** Caption-style text data **
----
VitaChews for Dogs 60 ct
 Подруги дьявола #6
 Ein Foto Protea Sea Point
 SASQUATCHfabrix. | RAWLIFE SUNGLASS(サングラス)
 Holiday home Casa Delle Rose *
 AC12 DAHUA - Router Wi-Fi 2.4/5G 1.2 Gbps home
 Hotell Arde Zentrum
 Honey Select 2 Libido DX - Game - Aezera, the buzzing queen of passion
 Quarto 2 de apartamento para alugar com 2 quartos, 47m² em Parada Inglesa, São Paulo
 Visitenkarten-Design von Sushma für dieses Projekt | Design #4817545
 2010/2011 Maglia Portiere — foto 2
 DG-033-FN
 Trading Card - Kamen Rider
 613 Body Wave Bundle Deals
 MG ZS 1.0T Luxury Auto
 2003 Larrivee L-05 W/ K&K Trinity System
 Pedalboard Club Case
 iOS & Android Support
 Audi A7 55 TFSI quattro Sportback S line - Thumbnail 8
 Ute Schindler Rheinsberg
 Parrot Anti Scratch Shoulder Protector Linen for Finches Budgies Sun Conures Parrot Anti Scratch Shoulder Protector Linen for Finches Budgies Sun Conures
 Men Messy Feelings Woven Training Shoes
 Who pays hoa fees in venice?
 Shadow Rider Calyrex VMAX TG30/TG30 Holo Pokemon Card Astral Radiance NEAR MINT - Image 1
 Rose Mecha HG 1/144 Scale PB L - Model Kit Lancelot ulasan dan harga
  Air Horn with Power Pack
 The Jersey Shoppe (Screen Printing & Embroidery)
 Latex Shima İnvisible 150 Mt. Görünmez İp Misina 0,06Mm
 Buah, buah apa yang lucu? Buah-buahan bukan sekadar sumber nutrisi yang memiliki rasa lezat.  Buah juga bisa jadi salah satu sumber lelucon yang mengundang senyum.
----
** PROBLEM REQUIREMENTS **
Reproduce each line from the data that has "home" in it.

** EXERCISE OUTPUT **
 Holiday home Casa Delle Rose *
 AC12 DAHUA - Router Wi-Fi 2.4/5G 1.2 Gbps home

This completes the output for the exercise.